Balneário Camboriú (SC) acaba de receber a primeira residência da cidade abastecida por energia eólica, ou seja, com eletricidade gerada através dos ventos. O sistema já está operando com homologação da Celesc, desde o final de agosto, numa casa do bairro Parque Bandeirantes. A tecnologia instalada é capaz de produzir dois mil kWh (quilowatts-hora), gerando uma economia equivalente a R$625 na fatura mensal de energia da unidade consumidora.

A tecnologia produzida na Ásia chegou ao mercado brasileiro oferecendo vantagens. O empresário Sandro Marin, que instalou em sua residência, conta que o sistema ocupa muito menos espaço que as placas fotovoltaicas, por exemplo, e não depende da angulação relacionada ao sol, além de gerar energia durante a noite.
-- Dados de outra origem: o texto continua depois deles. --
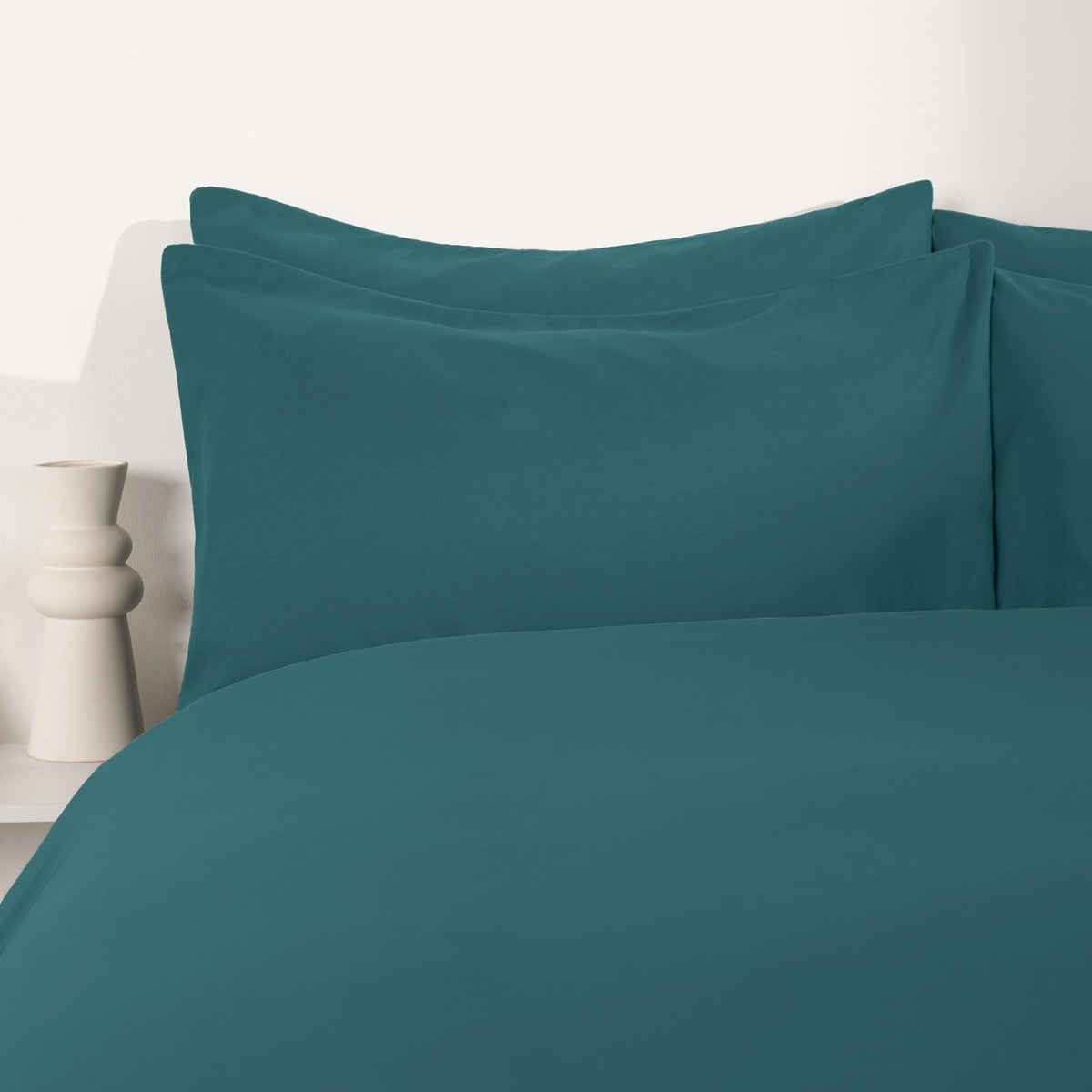 OHS Plain Duvet Cover & Pillowcase Reversible Bedding Set OR Fitted Sheet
“O Brasil tem uma costa de oito mil quilômetros e grande potencial para explorar a energia do vento, principalmente no litoral e aqui na região sul. Apostamos neste sistema de energia limpa de pequena e média geração, a exemplo das torres maiores, que atualmente geram mais energia que a usina hidrelétrica de Itaipu. Estamos ansiosos pela chegada da primeira fatura de energia para confirmar a economia indicada pelo fabricante”, afirmou Marin.

Outra vantagem do sistema instalado é garantir que a energia excedente seja enviada para a rede da distribuidora local. Isso ocorre porque a Agência Nacional de Energia Elétrica (Aneel) oferece um incentivo para a diversificação da matriz energética brasileira, reduzindo o ICMS.

“A energia gerada é contabilizada em kWh no medidor e a fatura representa a diferença entre a geração e o consumo da família. O saldo positivo é revertido em créditos ao consumidor. Assim, além de suprir a demanda doméstica e pagar menos pela conta de luz mensal, o usuário ainda acumula créditos para descontar nas próximas faturas, com validade de cinco anos”, explica o diretor da Sua Energia, Júlio Paz.

Os créditos acumulados também podem ser compartilhados pela mesma operadora em diferentes pontos de consumo, em âmbito estadual, desde que a fatura seja do mesmo CNPJ ou CPF. Sandro Marin, que também é diretor na empresa Tek Trade, irá direcionar os créditos gerados pelo equipamento em sua residência para o seu negócio, localizado em outro bairro da cidade.

Entenda como funciona a tecnologia

O sistema de aerogerador é formado por uma turbina compacta em formato de cata-vento e um inversor, que transforma a energia contínua em alternada, permitindo a leitura pela distribuidora local. O equipamento também possui um rotor interno que funciona com indução eletromagnética. Isso permite que o sistema continue operando por um período maior sem vento, até que receba uma nova rajada.

Júlio Paz é diretor da empresa Sua Energia, que detém exclusividade para a instalação e comercialização do equipamento no Brasil. Ele explica que o inversor deste sistema eólico é híbrido, ou seja, também é compatível com o sistema de energia solar permitindo que a geração seja ampliada.

“Foram sete anos de pesquisa e desenvolvimento passando pela fase de homologação do produto, assinaturas de contratos e certificações internacionais até chegar na marca própria para a geração de energia eólica. A inovação foi desenvolvida por um fabricante asiático e cedida à Sua Energia com exclusividade em todo território nacional. A parceria com a importadora Tek Trade visa fomentar o acesso do consumidor e a popularização desta tecnologia”, conta Julio Paz.

Além do telhado de casas a turbina do aerogerador também pode ser instalada em locais abertos e topos de prédios, onde há significativa quantidade de vento. “Em Balneário Camboriú, por exemplo, a alta velocidade dos ventos nos topos dos prédios beneficia ainda mais a instalação desse sistema”, reforça Sandro Marin.

Retorno de investimento

O sistema de aerogerador já está à venda no país e deve gerar economia a médio e longo prazo. O consumidor pode adquirir o equipamento através de financiamento bancário parcelado em até 60 vezes, com taxa competitiva. A vida útil do equipamento é estimada em 40 anos. Para um modelo similar ao instalado na residência de Balneário Camboriú (SC), com geração mensal de dois mil kWh (quilowatts-hora), a estimativa de retorno do investimento é de três anos.